Brooklyn, New York. USA
Dia. Satu ingatan yang tidak akan pudar meski waktu telah memilih kejam saat mata hijaunya memandang halaman luas yang menjadi tempat di mana ia dan adik-adiknya dulu menikmati makanan yang tumpah di alas yang mereka duduki. Kilatan dari memori itu akan terus dinikmati dalam cinta yang sebenarnya ia sendiri tidak tahu mengapa. Bayang lincah dan energik gadis berambut blonde dengan tinggi yang sebatas dadanya, tidak kurang tapi akan lebih jika tubuh indah itu memakai sepatu hak tinggi.
Mata itu terus mengintai. Rumput hijau diselimuti embun pagi hanya menjadi awal mata indah itu menatap. Rahang tegas dari pria berusia 26 tahun itu mengerat begitu teringat keceriaan masa kecilnya dulu bersama dua adik cantiknya, yang selalu ia sebut sebagai my Diamond.
"Sayang,"
Bevan menoleh. Ia mengamati siapa yang berjalan cepat sambil membawa baki dipenuhi menu sarapan.
"Hai," sapa wanita paruh baya dengan wajah anggun yang mampu membuat Bevan tersenyum. "Ayo sini, kita makan bersama!"
Perlu waktu beberapa detik bahkan menit untuk pemilik nama sah Bevan Whiteley Luxembourg itu bisa memahami apa yang tengah ibunya ucapkan. Karena otak yang memiliki sedikit perbedaan dan Bevan harus mencerna secara teliti apa yang tengah orang lain katakan, apalagi jarak 20 meter itu Bevan tidak dapat melihat mulut wanita bernama Claudia Pricilia Luxembourg dengan panggilan sayang Persia itu berbicara.
Keringat yang bergulir dari pelipis Bevan biarkan menimpa pipi dan rambut coklatnya basah saat ia menikmati air minum yang ia tuangkan ke kepala saat berolahraga. Wajah tampan dengan mata hijau disertai dagu yang memiliki belahan itu termenung memperhatikan Persia berjalan, senyum cantik itu bisa Bevan pahami dari mana ketulusan itu berasal.
"Ouch, jagoan Mommy. Udah selesai olahraganya? Gimana sama latihan hari ini? Sukses?" tanya Persia mengikis keringat yang membanjiri wajah tampan putranya.
Tidak pernah ada ucapan yang terlontar dari bibir Bevan kecuali sebuah acara saat ia meliput berita. Atau saat Bevan dihadapkan beberapa orang penting di LX Corporation.
"Kita makan yuk? Mommy udah masak makanan kesukaan kamu loh," Persia memperjelas bibirnya bercakap. "Nanti kalau nggak di makan bisa dingin."
Bevan mengangguk. Ia menuruti tangan Persia yang membawanya ke tepi halaman, di sana terdapat hiasan patung dan bunga yang selalu menjadi tempat bermain gadis yang Bevan rindukan.

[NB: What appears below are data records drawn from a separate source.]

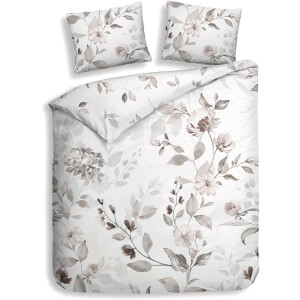 Heckettlane Dekbedovertrek Katoen Satijn Amara - Beige - 100% Katoen-Satijn - Dekbedovertrek 200x200/220cm - Tweepersoons - Wenen
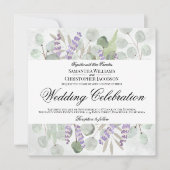 Waterverf Eucalyptus & Lavender Boho Chic Wedding Kaart (Voorkant)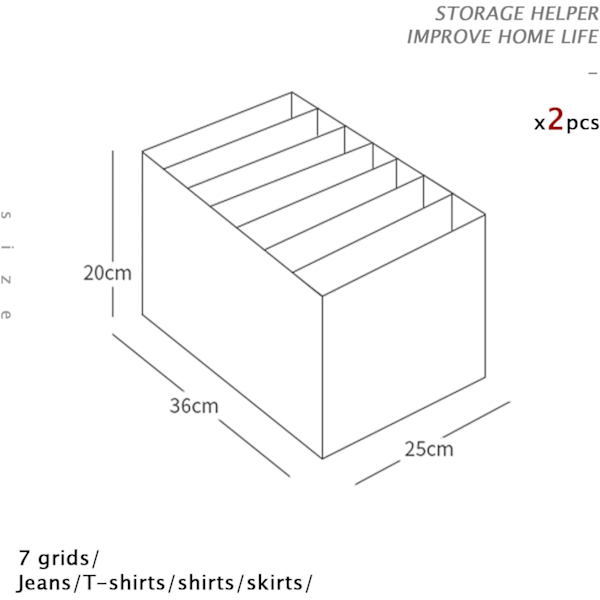 2 stk Foldbare Skuffe Opbevaringskasser til Tøj Jeans Opbevaringsorganisator, 7 Rister Hvid til Bukser, Leggings, T-shirt Organisation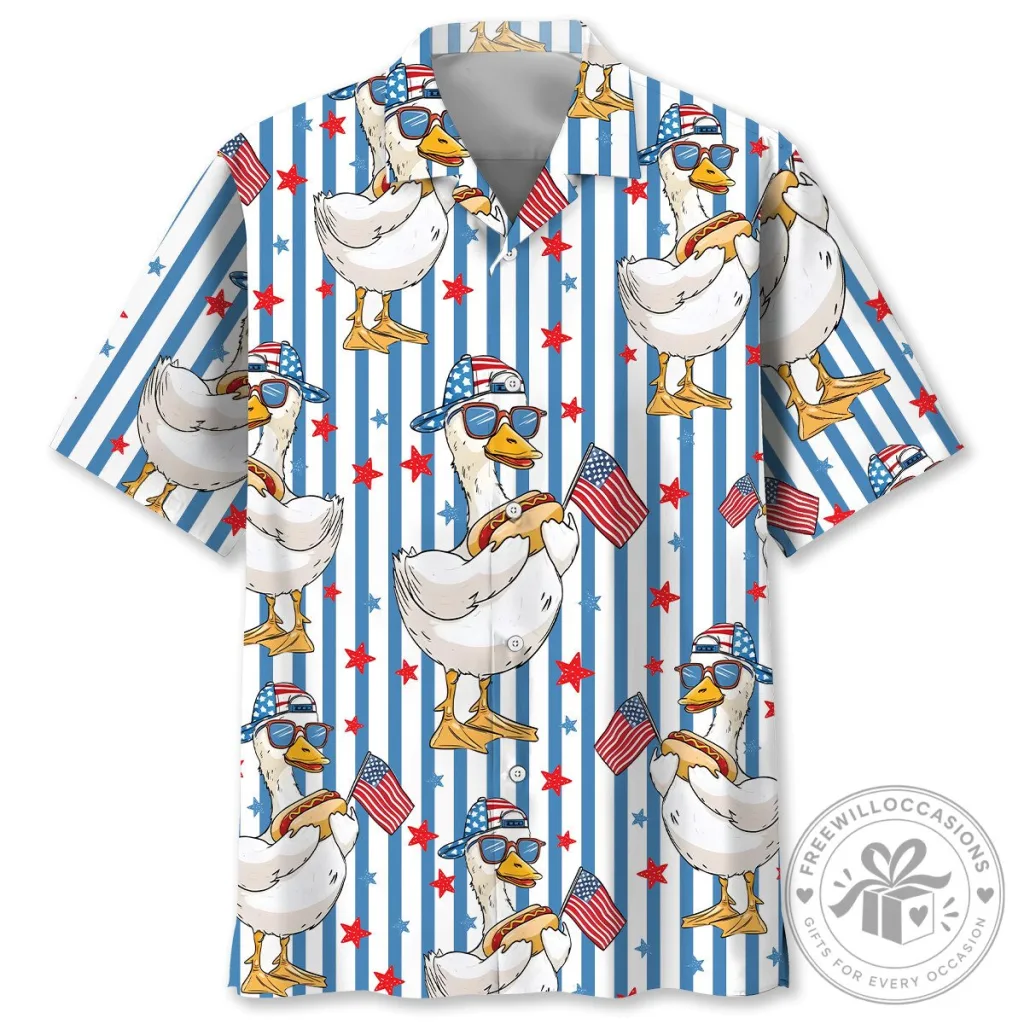 Patriotic Goose Wearing Sunglasses and Hotdog American Flag Hawaiian Shirt Patriotic Goose Wearing Sunglasses and Hotdog American Flag Hawaiian Shirt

"Sini, kamu mau apa? Salad, gandum, atau..." Persia gagal saat berucap tapi Bevan justru berhenti di depan patung wanita dengan sayap dan kain menutupi sebagian tubuhnya.

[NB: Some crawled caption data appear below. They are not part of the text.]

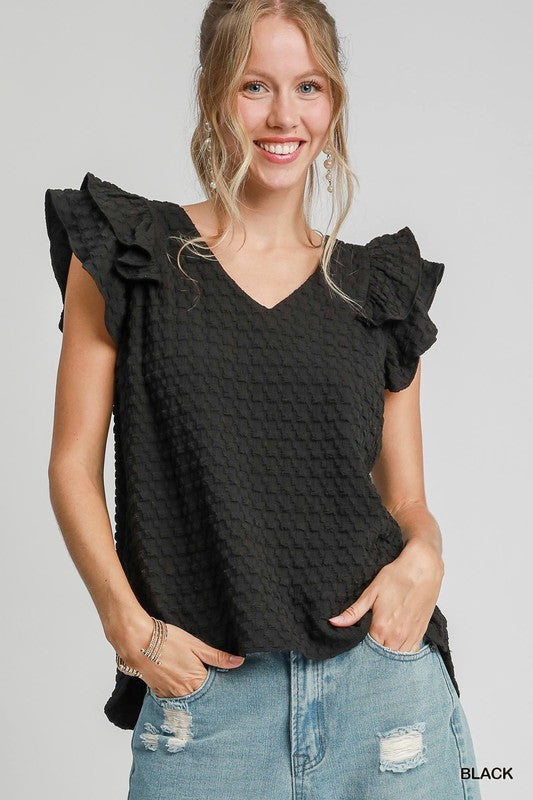 Jacquard V-Neck Ruffle Sleeve Tank Top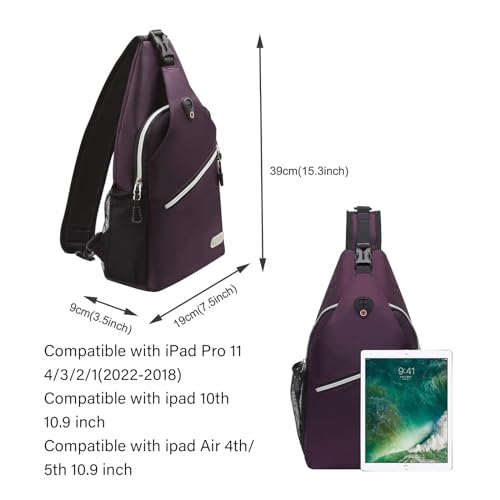MOSISO Small Sling Bag for Men, Crossbody Shoulder Chest Daypack Bag - color: Purple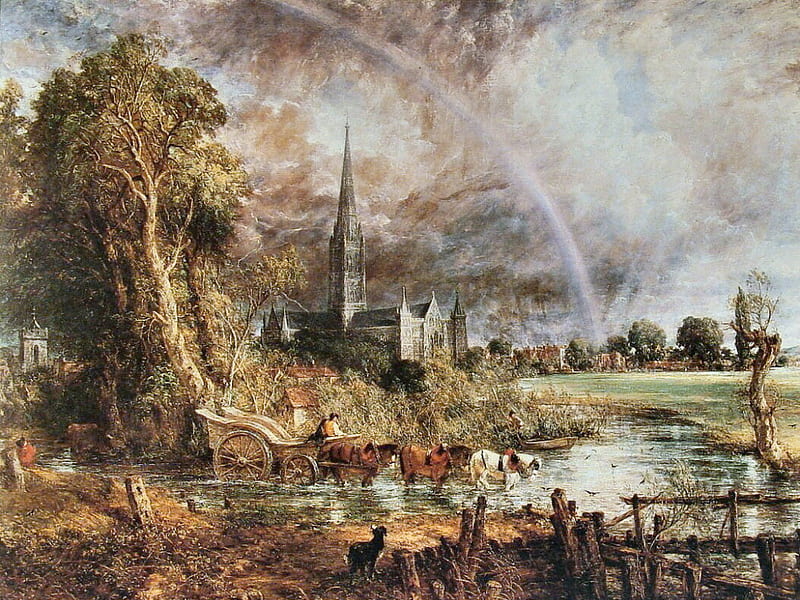 Salisbury Cathedral 1, john constable, art, old master, equine, rainbow, horse, artwork, constable, water, painting, scenery, landscape, HD wallpaper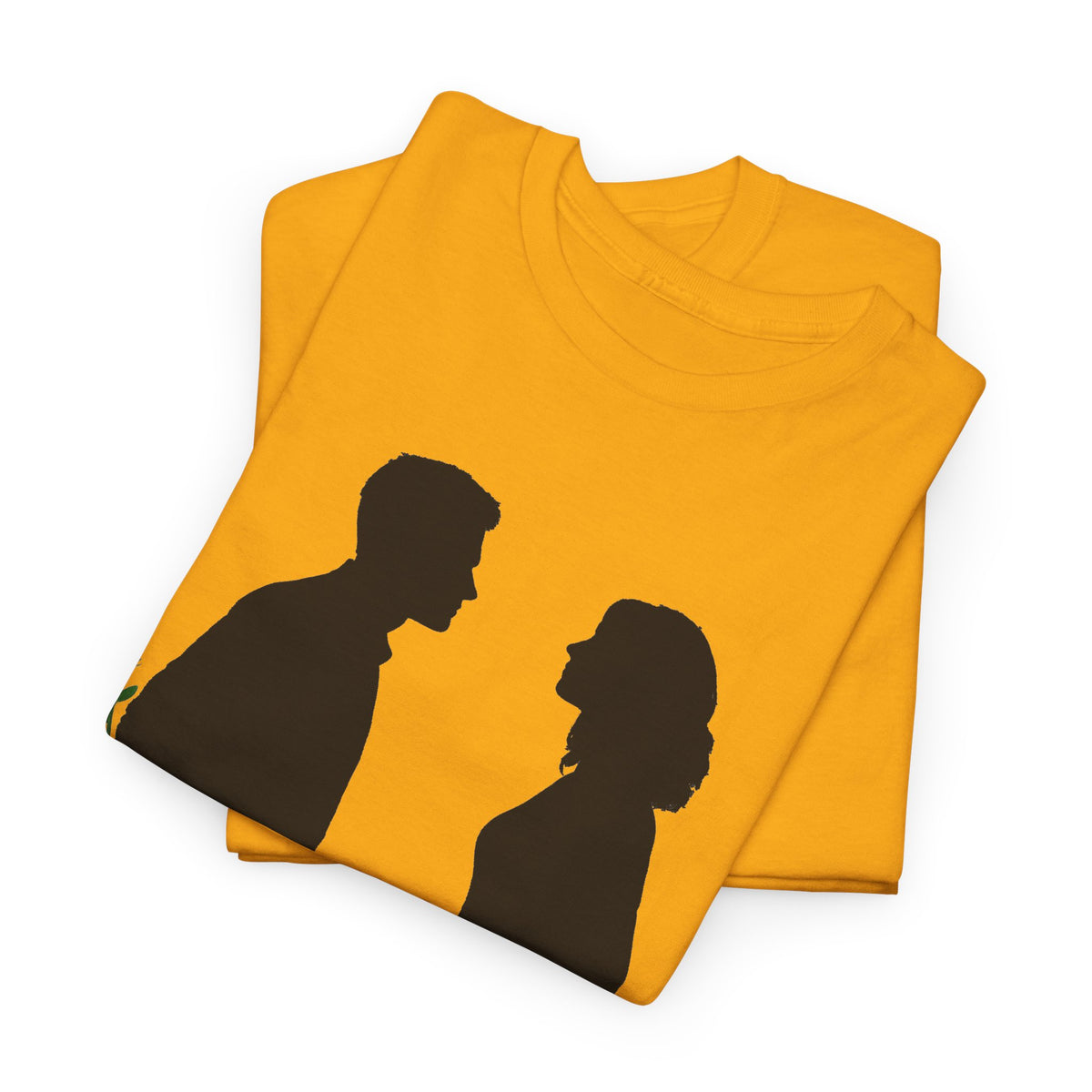 Romantic Silhouette Tee – Man with Rose, Woman with Knife Graphic Shirt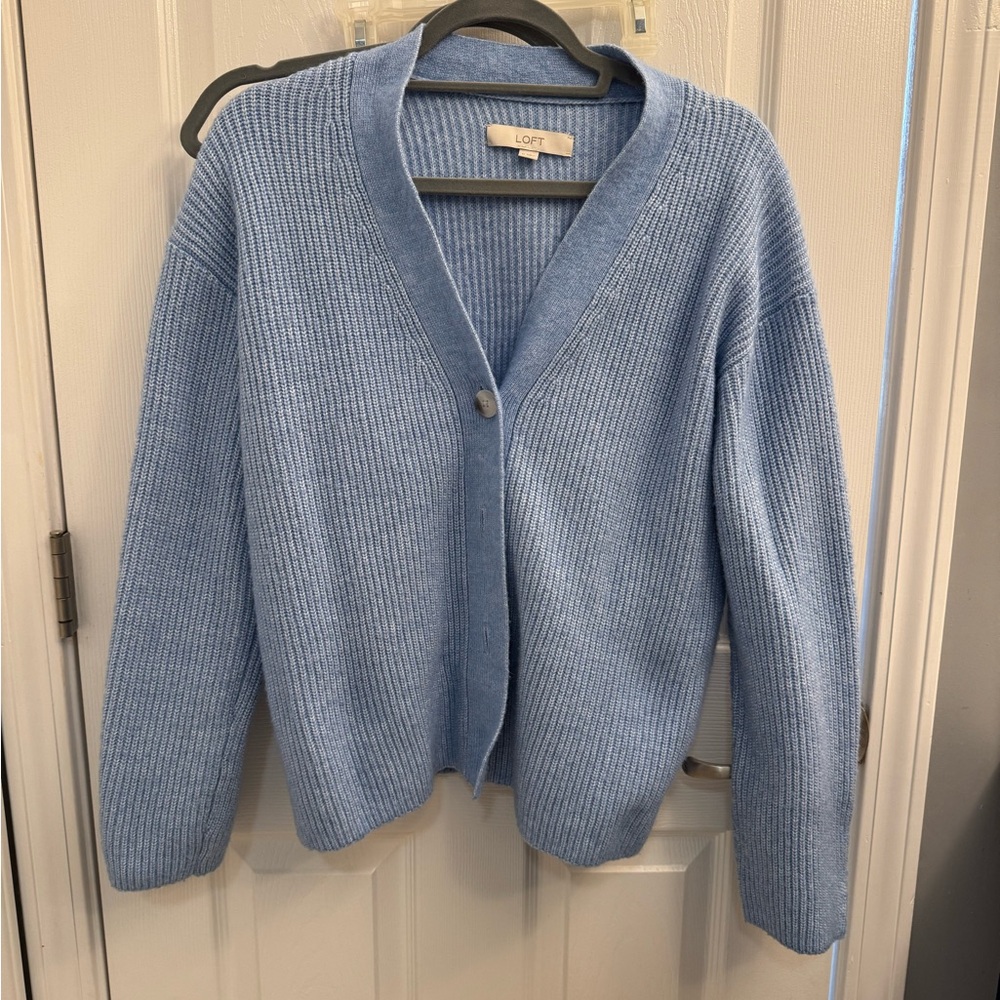 LOFT Soft Blue Ribbed Cardigan
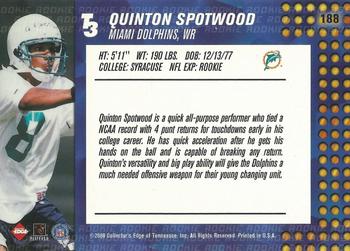 2000 Collector's Edge T3 - Retail #188 Quinton Spotwood Back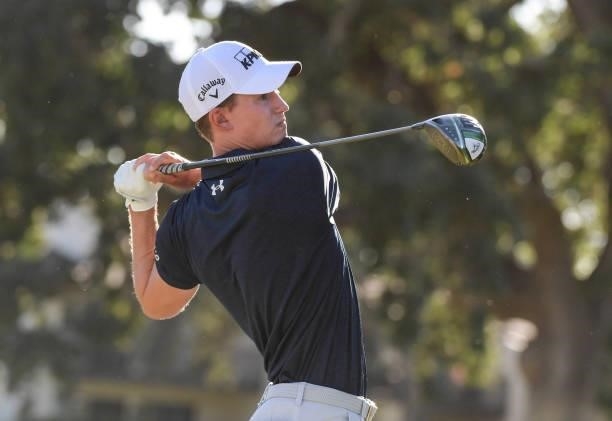 Maverick McNealy plays his tee shot on the 14th hole during the final round of the Fortinet Championship at Silverado Resort and Spa North on...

Pelan Persia berjalan mendekati Bevan. Di belakang punggung lebar dipenuhi tatto itu Persia hanya bisa mematung dengan linangan air mata. Dengan sangat hati-hati Persia membelai kulit keras Bevan kemudian ia melingkarkan tangannya untuk memeluk Bevan dari belakang.
"Dia pasti sudah baik-baik saja sayang!" Akhirnya air mata Persia terjatuh tanpa ia berkedip.
Kosong. Tidak ada yang bisa meramaikan suasana hati Bevan selain keceriaan ibunya yang selalu ia lihat. Tapi tidak sepenuhnya Bevan bisa melupakan sosok jelita seperti Rosie. Adiknya.
"Kau tahu, dia sekarang berusia 24 tahun. Mommy jadi ingin ke sana, tapi kau tau kan Daddy nggak akan memberikan ijin untuk Mommy." Keluh Persia memiringkan wajah menikmati matahari dan punggung legam Bevan.
Satu tangkai bunga daisy yang melingkar di patung Bevan ambil. Ia menatap warna putih yang cantik saat bayangan Rosie terus merayap dipikiran. Bagaimana kabar gadisnya? Batin Bevan ingin tahu dalam tanya yang sulit menemukan jawaban.
"Hei, ayolah... Kalian ini membuatku cemburu saja!"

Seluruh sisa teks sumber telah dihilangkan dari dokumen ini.